Default/current behavior

ds.to_netcdf('char_arr_string.nc')

New functionality - name the character dimension.

ds.char_arr.encoding.update({"char_dim_name": "char_dim"}) ds.to_netcdf('char_arr_named.nc')

user@machine-session-2[1]:~/Downloads> ncdump -h char_arr_string.nc

netcdf char_arr_string {

dimensions:

char_arr = 3 ;

string3 = 3 ;

variables:

char char_arr(char_arr, string3) ;

char_arr:_Encoding = "utf-8" ;

}

user@machine-session-2[2]:~/Downloads> ncdump -h char_arr_named.nc

netcdf char_arr_named {

dimensions:

char_arr = 3 ;

char_dim = 3 ;

variables:

char char_arr(char_arr, char_dim) ;

char_arr:_Encoding = "utf-8" ;

}

New functionality - when decoding, preserve the character dimension name in the variable encoding for... encoding.

ds_read = xa.open_dataset('char_arr_named.nc') ds_read.char_arr.encoding

Out[4]:

{'_Encoding': 'utf-8',

'char_dim_name': 'char_dim',

'chunksizes': None,

'complevel': 0,

'contiguous': True,

'dtype': dtype('S1'),

'fletcher32': False,

'original_shape': (3, 3),

'shuffle': False,

'source': '/Users/james/Downloads/char_arr_named.nc',

'zlib': False}

ds_read.to_netcdf('char_arr_named_2.nc') exit()
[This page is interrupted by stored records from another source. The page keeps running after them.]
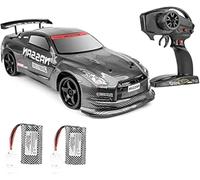 Voiture Télécommandée Drift Racing Rc Cars pour Les Enfants, 70km / H Voiture De Course De Drift Rc à Grande Vitesse 1/10 Échelle 2.4ghz Rc Drifting Vehicle Truck Voiture De Cours, E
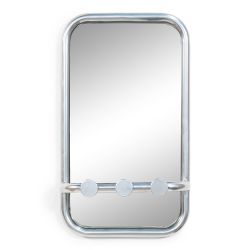 Spinder Design Retro spiegel60x35 - groovy chrome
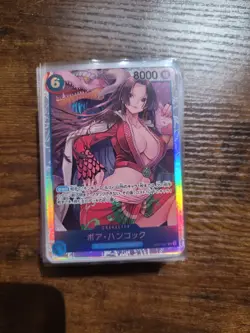 One Piece Card OP07-051 Boa Hancock SR - Image 1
user@machine-session-1[2]:~/Downloads> ncdump -h char_arr_named_2.nc

netcdf char_arr_named_2 {

dimensions:

char_arr = 3 ;

char_dim = 3 ;

variables:

char char_arr(char_arr, char_dim) ;

char_arr:_Encoding = "utf-8" ;

}

user@machine-session-1[3]:~/Downloads> pip uninstall -y xarray

user@machine-session-1[4]:~/Downloads> pip install xarray

user@machine-session-1[5]:~/Downloads> ipython

The old behavior... does not preserved the char dim name.

import xarray as xa ds_read = xa.open_dataset('char_arr_named.nc') ds_read.char_arr.encoding

Out[4]:

{'_Encoding': 'utf-8',

'chunksizes': None,

'complevel': 0,

'contiguous': True,

'dtype': dtype('S1'),

'fletcher32': False,

'original_shape': (3, 3),

'shuffle': False,

'source': '/Users/james/Downloads/char_arr_named.nc',

'zlib': False}

ds_read.to_netcdf('char_arr_string_2.nc')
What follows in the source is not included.